En el año 484 a. C., Confucio recibió una inesperada invitación. Uno de sus antiguos discípulos que, a la sazón, trabajaba como funcionario del gobierno de Lu había logrado persuadir al nuevo gobernante del estado para que le invitase a regresar. El anciano filósofo creyó que por fin sus sueños se iban a realizar y, esperanzado, emprendió el regreso a Chu Fu. Una vez allí fue convocado por los hombres más poderosos del gobierno de Lu y uno de ellos, queriendo saber si era cierto que sus consejos podrían ser de ayuda para su tarea, le preguntó de qué forma podía lograr que sus subalternos fuesen honestos. Confucio, sin dudarlo, respondió que el modo de conseguirlo era siendo honesto él mismo. Una vez más su sinceridad le había condenado y sus ideas resultaban demasiado peligrosas para quienes aspiraban a detentar el poder a toda costa.

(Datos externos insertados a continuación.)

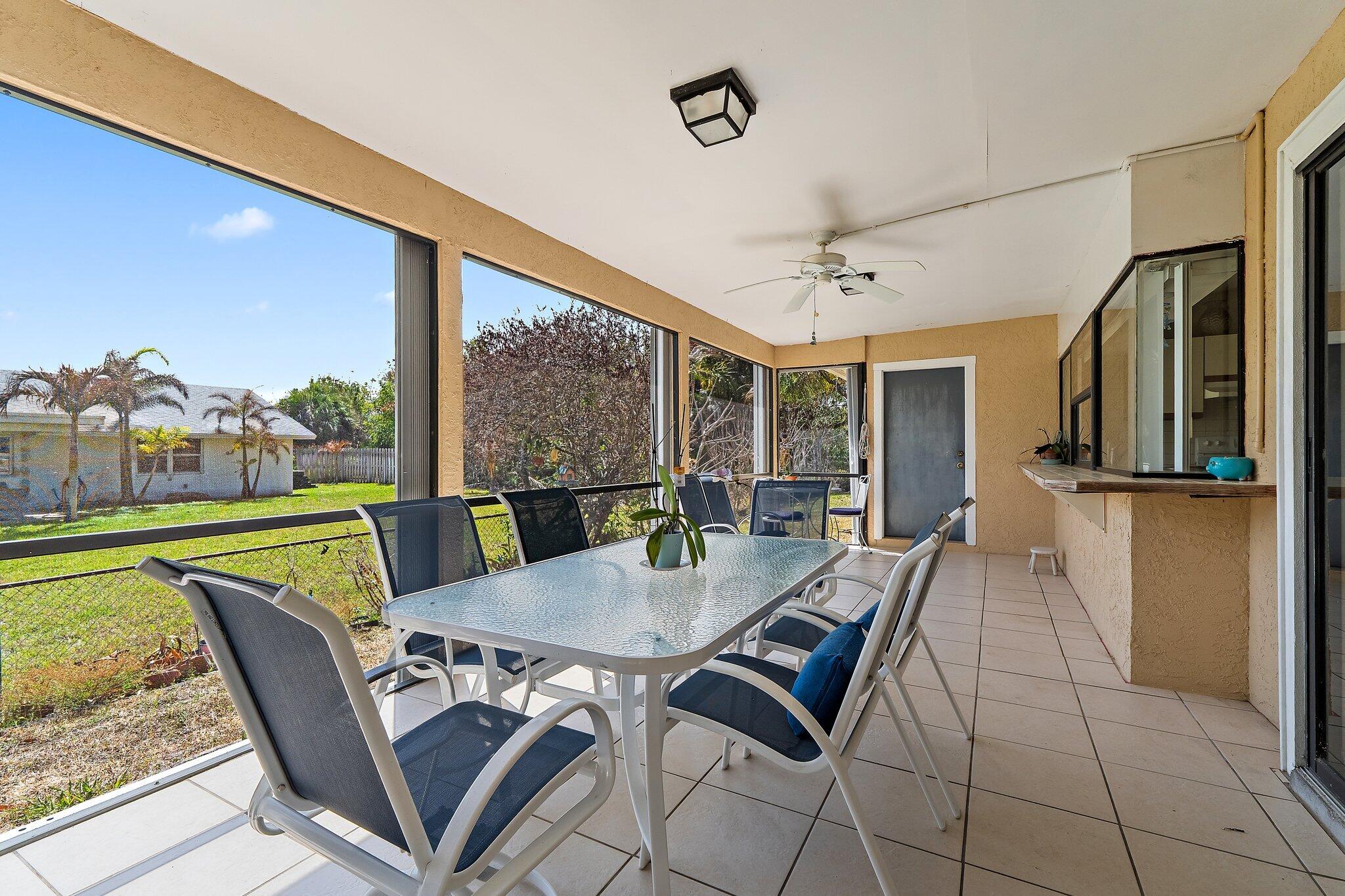 HOBE SOUND ESTATES - Residential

Ante la imposibilidad de ocupar un alto cargo del gobierno, el filósofo decidió proseguir con sus estudios y consagrar el resto de su vida a su tarea de maestro. Algunos relatos aseguran que llegó a tener más de tres mil alumnos, aunque algo menos de un centenar fueron los que siguieron sus enseñanzas con auténtica devoción. Entre ellos, Mencio y Xunzi serían los más importantes en la transmisión de la filosofía confuciana, pero Yen Hui fue el favorito del maestro. Yen Hui era un joven perteneciente a una de las familias más pobres de Chu Fu cuya pasión por aprender y elevarse espiritualmente motivó la admiración y el cariño de Confucio. El hombre que había roto con sus lazos familiares y había consagrado su vida a la consecución de un ideal, se encontraba en su vejez con un muchacho que le recordaba a sí mismo y renovaba sus esperanzas en el ser humano. En palabras de la profesora Ching, «Confucio contaba con su discípulo favorito Yen Hui que siempre estaba alegre. Aun cuando era tan pobre que apenas tenía qué comer y vivía en una casa en un callejón, siempre estaba contento. Las dos cosas que caracterizaban a Yen Hui eran su alegría en la pobreza y su amor por el estudio». Sin embargo, el consuelo que Yen Hui proporcionaba al maestro se vio truncado por la muerte del discípulo. Confucio lloró su pérdida como la de un hijo, y sobreponiéndose al dolor continuó con la tarea de enseñar a sus demás alumnos.

Confucio nunca puso por escrito sus enseñanzas. Serían algunos de sus alumnos quienes, tras la muerte del maestro, recogiesen las conversaciones que mantenían con él y que servían de vehículo a su magisterio en una obra titulada Lunyu, que en el siglo XVII los jesuitas traducirían como Analectas. Como apunta la sinóloga Dolors Folch, a diferencia de otros textos que sirven de pauta para el comportamiento moral de los individuos como la Biblia o los Upanishads (libros sagrados del hinduismo), las Analectas «no son en ningún caso un texto carismático. Ni es un libro revelado, ni rezuma ningún tipo de anhelo místico». Se trata de un libro en que se recogen los principios del pensamiento de Confucio y el modo sutil con que concibió su tarea como maestro: «No descubro las verdades a quien no tiene ganas de descubrirlas, ni intento sacar de nadie aquello que la propia persona no sea capaz de exhalar. Yo levanto uno de los lados del problema, pero si el individuo con el que trato no es capaz de descubrir los otros tres a partir del primero, ya no se lo vuelvo a repetir». Además de las largas conversaciones con sus discípulos, Confucio dedicó gran parte de su tiempo a recopilar y editar cuidadosamente las grandes obras clásicas de la antigüedad china, los llamados Libro de historia (Shu Ching), Libro de canciones o de odas (Shih Ching), Libro de las mutaciones (I Ching), Libro de ritos (Li Ching) y los Anales de primavera y verano (Ch’un Ch’iu), lo que terminaría convirtiendo a sus seguidores en los principales depositarios y conocedores de esta tradición.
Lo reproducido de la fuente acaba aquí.